Kitamura et al. showed limited groundwater flow to an open drainage under low hydraulic gradient conditions in the Lower Syr-Darya region [25]. In the present study, due to the low permeability of the soil, the presence of community road/embankment along the drainages, the insufficient drainage depth, and the long horizontal distance between the drainage and the field, the hydraulic gradient from the field to the open drainage became too small to function effectively as the drainage system [26].

2.2. Experimental Set-Up

Cut-drain construction is mainly characterized by a unique drilling method. The drilling machine towed by a tractor is used to excavate a conduit to a certain depth (60–90 cm). A cavity made by the drilling machine acts as a relatively stable mole drain as shown in Figure 3. Cut-drains can act as supplemental subsurface drains when used as a connection to the main tile drain. The discharge capacity is no different to the cut-drain and typical tile drain. A cut-drain is constructed without any additional material. The soil texture most appropriate for cut-drain construction is one with a high clay and low sand content. In case of loamy soils, durability of it is short [27].

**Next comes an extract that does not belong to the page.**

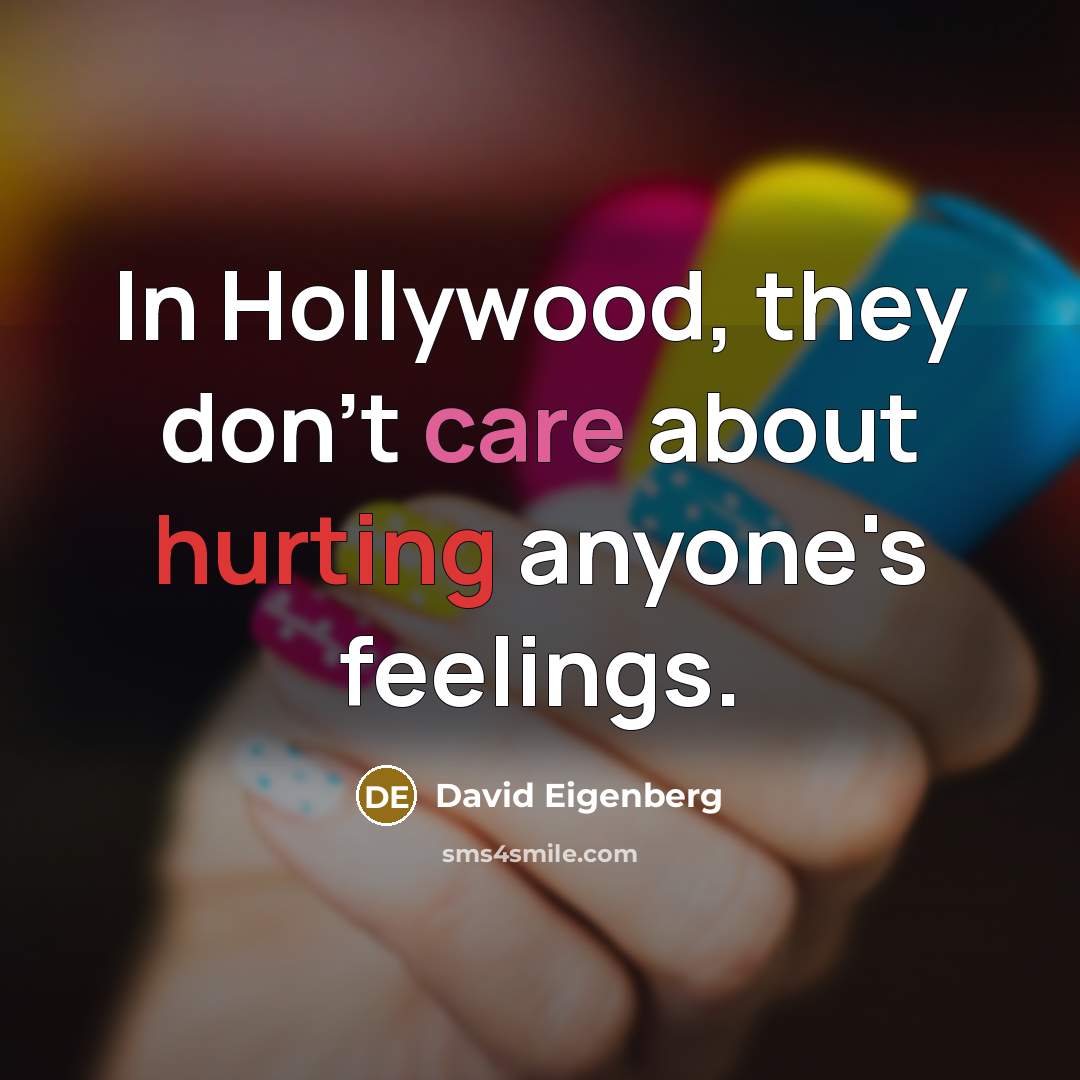 “In Hollywood, they don't care about hurting anyone's feelings.…” quote by David Eigenberg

The design of the experimental field in this study having an area of 16 ha on the farm is illustrated in Figure 4. Later in the year, the field was used to produce cotton. Before sowing cotton, the experimental field was divided into 65 leaching plots (13 rows in an east-west direction with 5 plots in a north-south direction). The area with the SSDC was 4.0 ha. In the SSDC field, two main tile drains comprised of a perforated pipe and rice husk, were installed in 2015 at a depth of approximately 1.0 m. The diameter and length of the pipe were 10 cm and 200 m, respectively. Using a tractor of 130–140 HP, cut-drains were constructed in 2015 and 2016 to a depth of 60–90 cm with a spacing of 5 m. Since the cut-drain has a risk of preferential flow occurring which causes cavity collapse, we constructed it when the soil was wet along construction lines to mitigate the preferential flow in 2016 [28]. Cut-drains crossed the main tile drains to connect parts of the rice husk. The length of the cut-drains was 100 m on the east side of the main tile drain. The direction of the cut-drains was parallel to the field gradient from east to west. The area of the control field was set near the SSDC field.

To observe soil moisture and salinity, soil samples in the cut-drain part and the control field were taken at the center of 15 plots and 9 plots, respectively, which were less affected by other factors such as tile drain or partial construction of cut-drain, and 4 points in the area near the drain pipe (a point 2.5 m distant from the pipe).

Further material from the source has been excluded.